Andrea Agnelli ha ribadito il concetto: «Esistiamo per vincere, contro tutti e contro i gufi». Nulla di nuovo sotto la nebbia o il sole di Torino. Dalla fondazione dell'impero la Juventus ha dovuto fare i conti con il resto d'Italia, una contro tutti e tutti contro una. Elementare, chi vince va sullo stomaco a chi perde che non aspetta altro che la sconfitta del vincente per umiliarlo ulteriormente. C'è poi una frase ricorrente, soprattutto nelle radiotelecronache calcistiche, ed è la seguente: «Non ci sta a perdere». Ma perché mai uno dovrebbe starci a perdere? Che razza di spirito sportivo sarebbe? Si gioca per primeggiare, di sicuro questo è il gol dei professionisti. De Coubertin e la sua favoletta appartengono ad altri settore del diporto, qui ballano soldi e prestigio, qui si tratta di far quadrare i conti che spesso traballano. Andrea Agnelli non ha rivolto le sue parole alla stampa o alla squadra di Allegri ma a tutto il gruppo, alla fabbrica Juventus che, secondo qualcuno, potrebbe soffrire e subire una specie di sindrome di accerchiamento. Non risulta che tale mobbing abbia particolarmente danneggiato la stessa Juventus con il suo tot di scudetti vinti sul campo o i cinque titoli consecutivi che ha appena messo in vetrina, puntando al sesto storico, anzi leggendario per usare un'altra frase di Andrea Agnelli. Sta di fatto che anche le altre esistono per vincere, il Toro o il Milan, l'Inter o il Napoli ma con motivazioni e training autogeno differenti.

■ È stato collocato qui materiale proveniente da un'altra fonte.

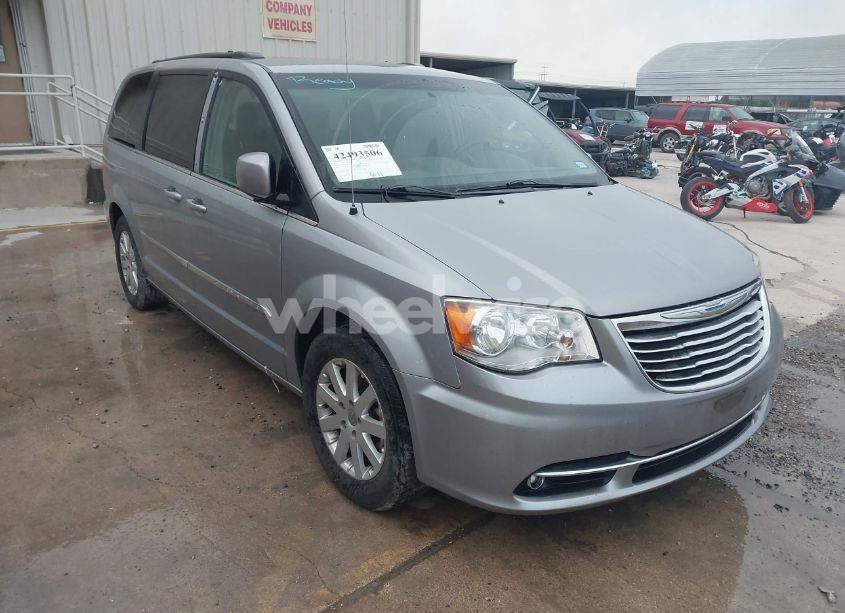 2015 Chrysler Town & COUNTRY TOURING (VIN 2C4RC1BG0FR595249) main photo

Le parole del presidente della Juventus ribadiscono il plusvalore bianconero, non arrendersi mai, anche con la condanna alla serie B, anche con le accuse di doping, anche con le illazioni, insinuazioni o denunce su favori arbitrali. Si deve andare oltre il pollaio, anzi il gufaio se questo esistesse. Gli uccelli del malaugurio fanno parte di qualunque contesa, anche condominiale. Nello sport vengono realizzati con gli insulti, gli striscioni, i fischi o il suono del clacson nelle notti di vigilia sotto le finestre dell'hotel che ospita l'odiata. Già Boniperti si era appropriato di una frase che apparteneva a un coach americano: «Alla Juventus non è importante vincere. È l'unica cosa che conta».
E i calciatori si sono fatti scrivere lo slogan sul colletto della loro casacca. Cambiando l'ordine dei presidenti non è cambiato il risultato, non muta lo slogan e il messaggio viene recapitato sulla linea dell'utente desiderato. Gufi compresi.